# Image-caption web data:
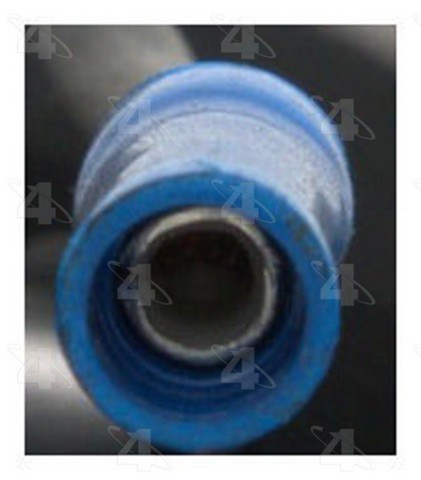 Four Seasons A/C Compressor 57876 - view 7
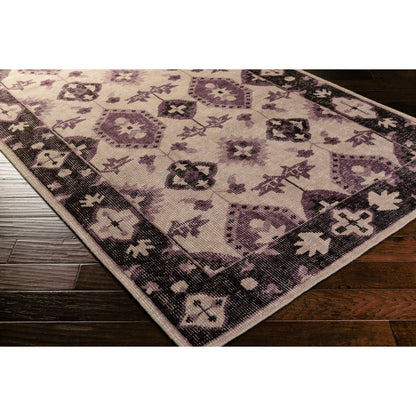 Pazar Rug - 10341 by Surya. Made from 80% wool, 20% cotton in a unique style.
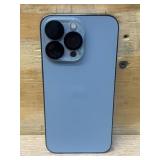 Apple iPhone 13 Pro, 256GB, Sierra Blue - Unlocked (Renewed) MSRP $414.60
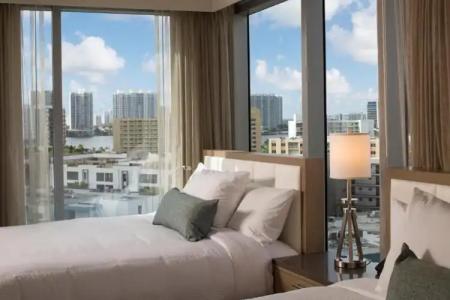 Residence Inn Miami Sunny Isles Beach - 86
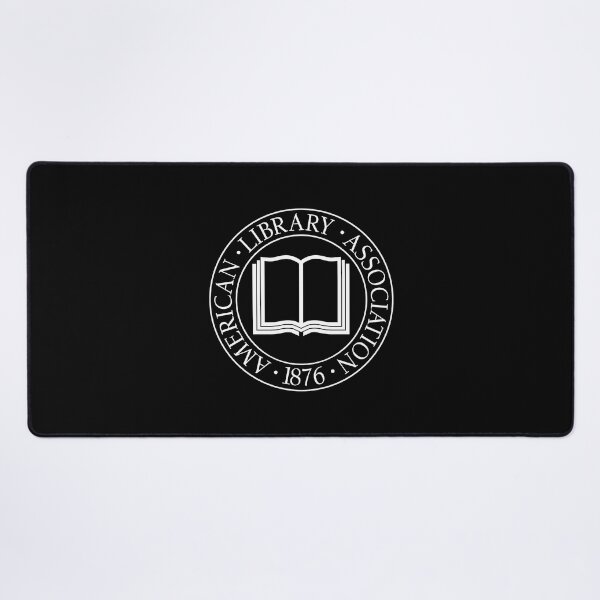 Item preview, We Read The Book American Library Association Logo designed and sold by robythompson.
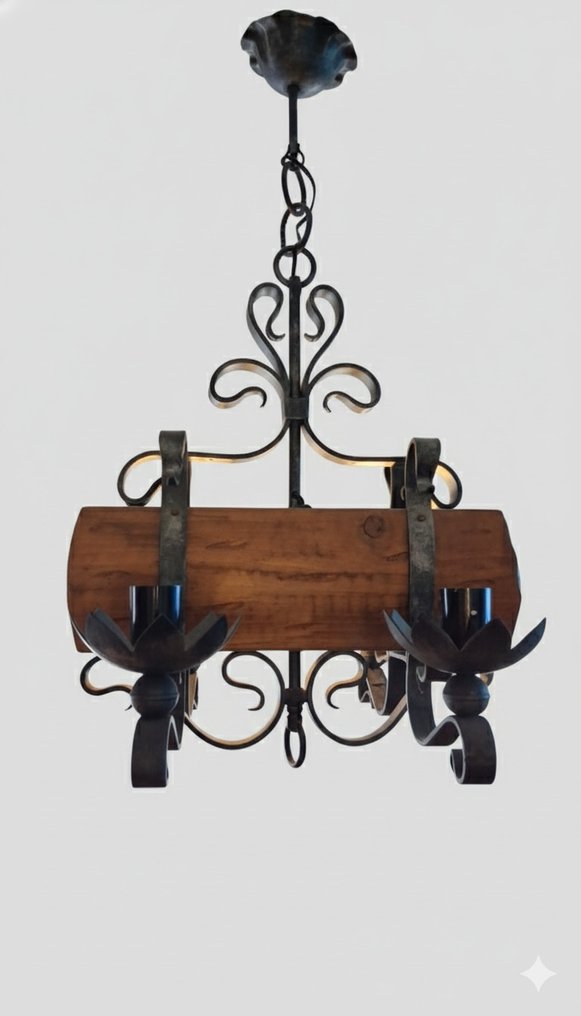 Candelabru - Cedru #3.2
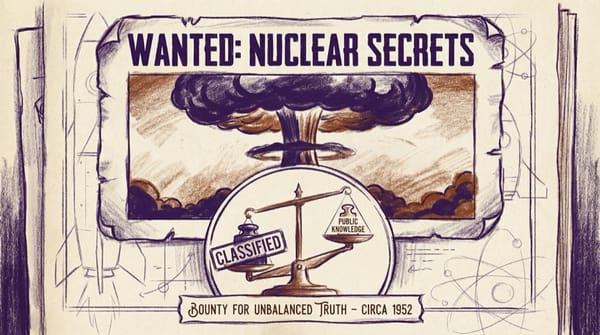 Information Asymmetry and the 1950s Nuclear Bounty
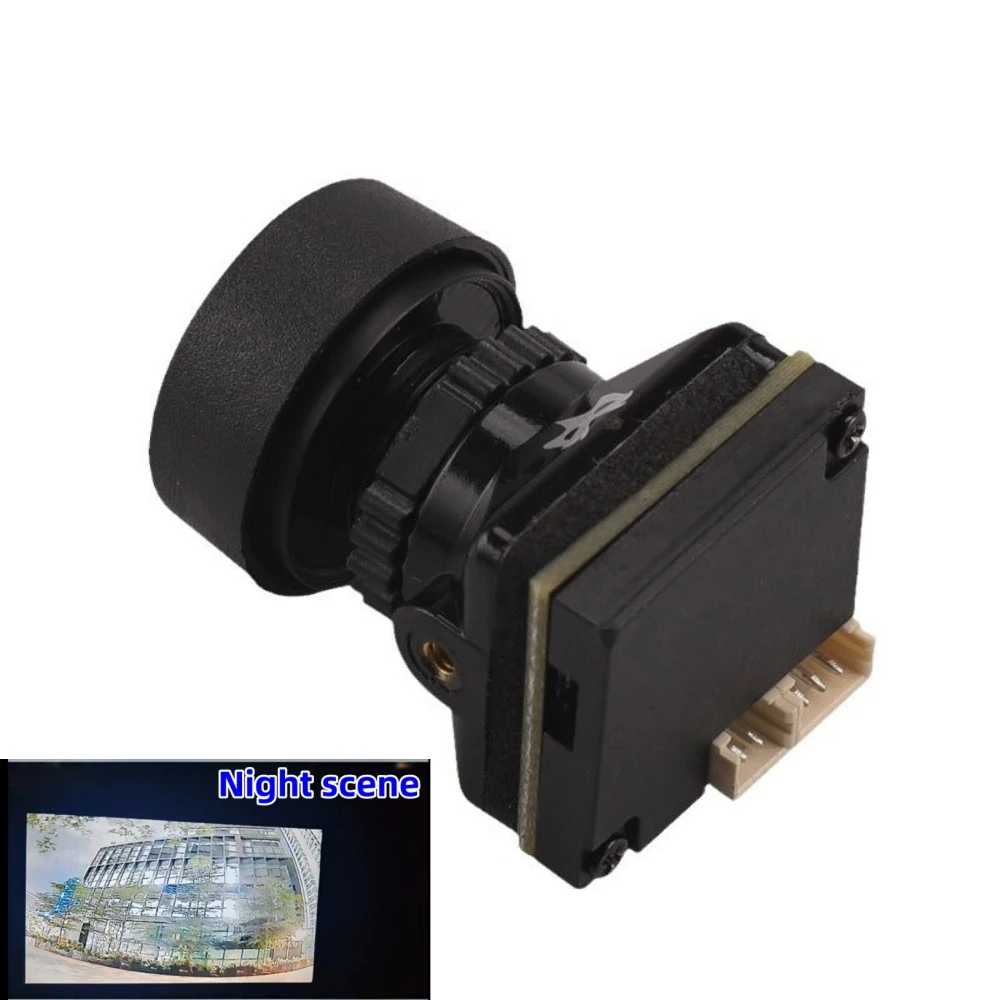 Câmera FPV NCZOBOE Ratel Pro 1 - Drone Camera Night Vision avaliação e preço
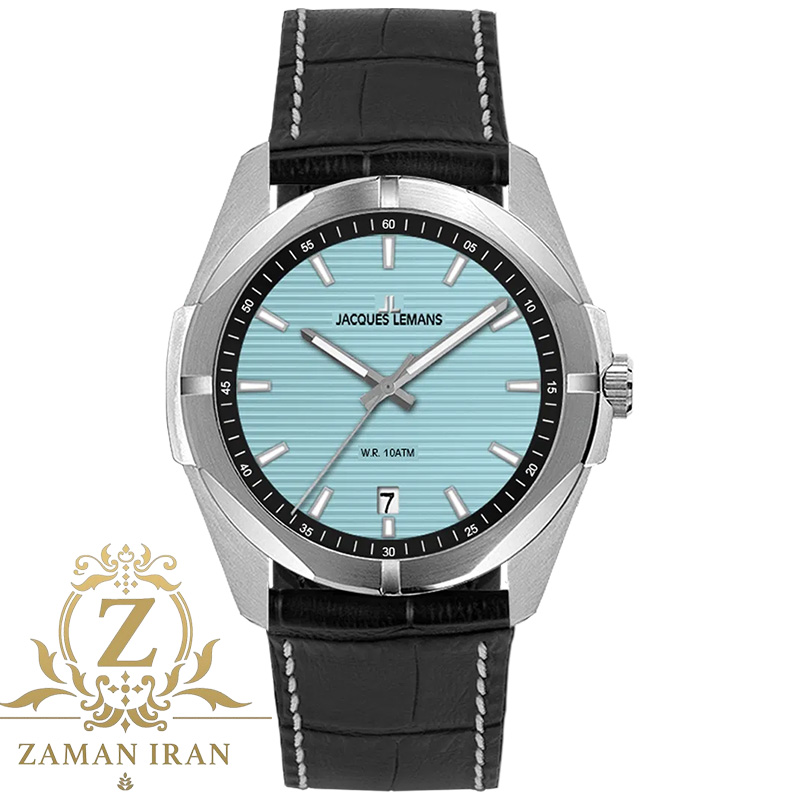  ساعت مچی مردانه ژاک لمنز Jacques Lemans مدل1-2176D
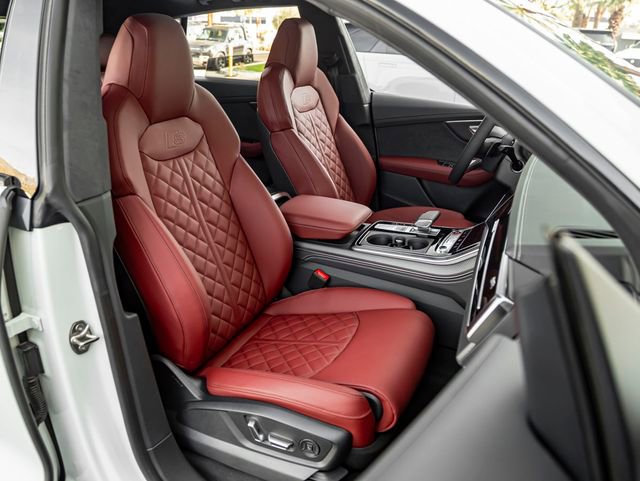 New 2026 Audi SQ8 Prestige AWD/4WD image 26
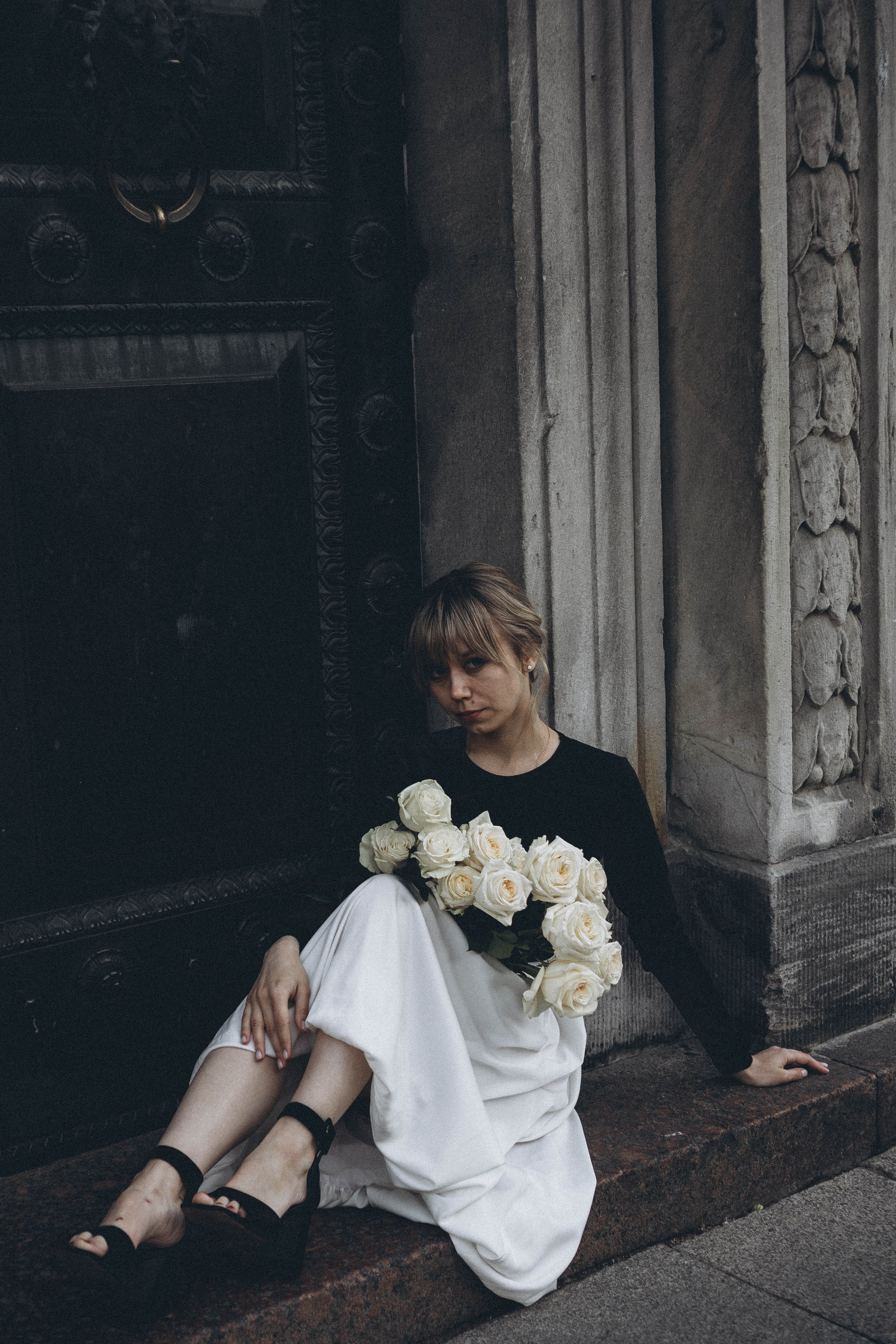 ПРОГУЛКА ПО ГОРОДУ В БЕЛЫЕ НОЧИ (другой вариант). Профессиональный фотограф, Санкт-Петербург — Виктория Богомолова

# What needs to be done:
Go back to the line containing "Câmera FPV NCZOBOE" and output it and every line after it through the end of the records, exactly, but not the pictures.

# Exercise response:
 Câmera FPV NCZOBOE Ratel Pro 1 - Drone Camera Night Vision avaliação e preço
  ساعت مچی مردانه ژاک لمنز Jacques Lemans مدل1-2176D
 New 2026 Audi SQ8 Prestige AWD/4WD image 26
 ПРОГУЛКА ПО ГОРОДУ В БЕЛЫЕ НОЧИ (другой вариант). Профессиональный фотограф, Санкт-Петербург — Виктория Богомолова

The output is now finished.